Bob Dylan has tried on so many new hats recently - radio DJ, bestselling author, lingerie salesman - that it is almost a surprise to find him coming out with a good old-fashioned studio album. And old-fashioned this one certainly is. Despite its title, Modern Times is a backward nod to the world of Dylan's boyhood, conjuring up an atmosphere of smoke-filled dance halls and crooners in dinner jackets. The sentiments are equally mellifluous. "When you're with me/I'm a thousand times happier than I could ever say," Dylan intones on the lilting, quasi-mystical "Spirit on the Water". For a man who once fired off put-downs faster than George Bush spews out malapropisms, that's quite a departure.
To be fair, Dylan has been heading down this road for some time. His previous two albums, Time Out of Mind (1997) and Love and Theft (2001), marked a shift towards a softer-edged sound. And yet on neither record did he embrace schmaltz with as much gusto as he does here. But, predictably, it is schmaltz of a singular kind, tempered by Dylan's cracked voice and the underlying mood of blackness in the jaunty rhythms and sentimental turns of phrase. Preoccupied with endings and finality, Modern Times is an old man's work, with several songs ("When the Deal Goes Down", "Beyond the Horizon") gesturing to a shadowy hereafter. And then there's the marvellous, wrenching "Nettie Moore", with its doleful, world-closing-in chorus ("I loved you then, and ever shall/But there's no one left to tell/The world has gone black before my eyes").

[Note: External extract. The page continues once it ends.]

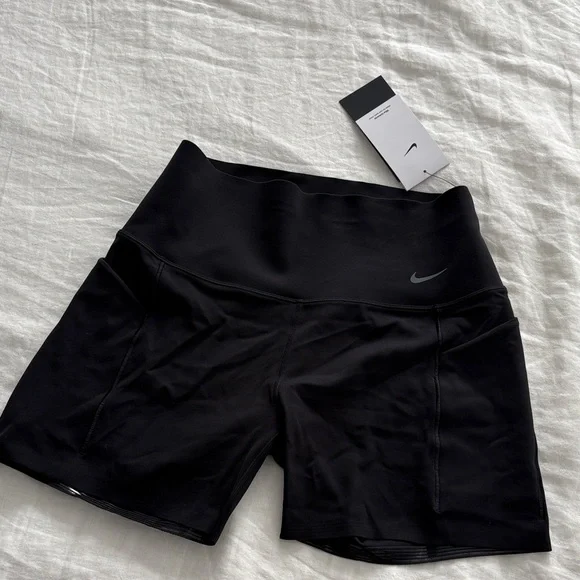 Nike Black Universa Medium Support High-Waisted 5" Bike Shorts with Pockets - Picture 11 of 14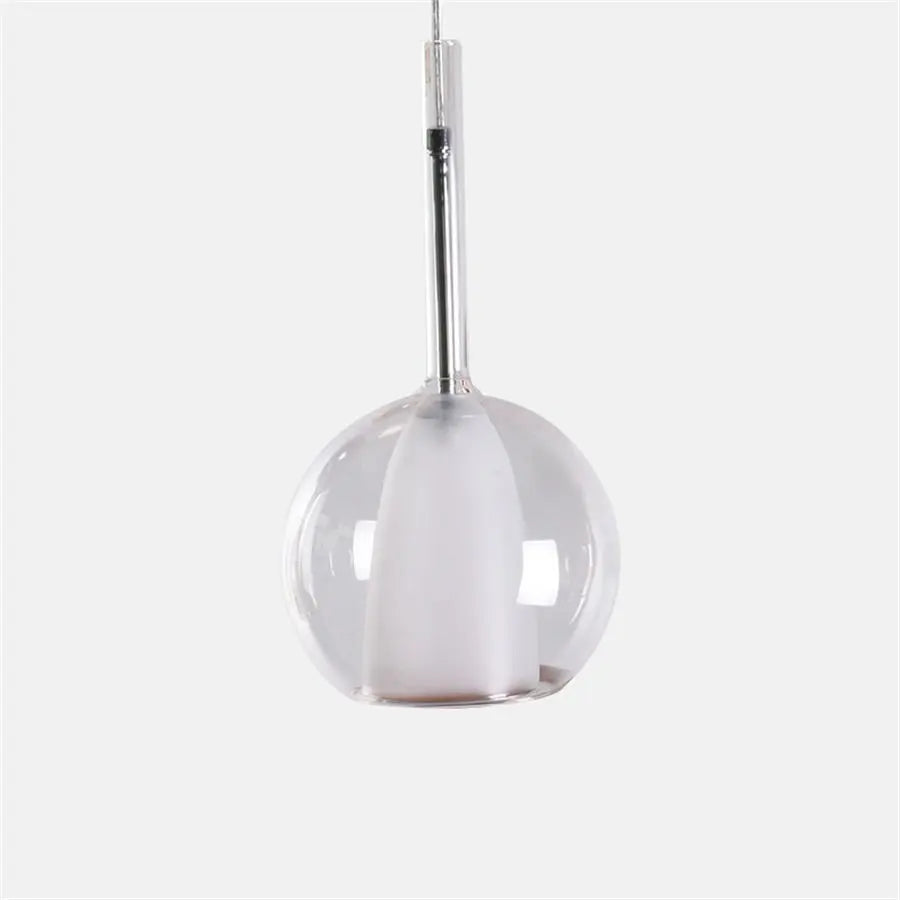 suspension moderne en verre design nordique pour intérieur élégante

Lyrically, Modern Times contains plenty that satisfies, but nothing really astonishing. The album kicks off with the foot-stomping boogie-woogie number "Thunder on the Mountain", in which Dylan good-humouredly (if somewhat improbably) claims to have "been thinkin' about Alicia Keys". The anthemic "Workingman's Blues #2" just about gets away with the line: "The buyin' power of the proletariat's gone down." In truth, Dylan's lyrics have for some time been more the background than the main event; analyse them too closely, and the "genius" label seems misplaced.
Happily, however, Dylan's two other great assets - his remarkably consistent songwriting and his often underappreciated voice - remain undiminished. There are only a couple of dud tracks on Modern Times; all the others repay multiple listenings. And Dylan's vocals are a wonder. The high-pitched nasal whine has dropped a few notches and metamorphosed into a husky, whiskey-soaked drawl; as such it is perfectly suited to the arch, weary but still hopeful tone of Modern Times. At one point Dylan asks, with amused defiance: "You think I'm over the hill/You think I'm past my prime?" This album proves that there's life in him yet.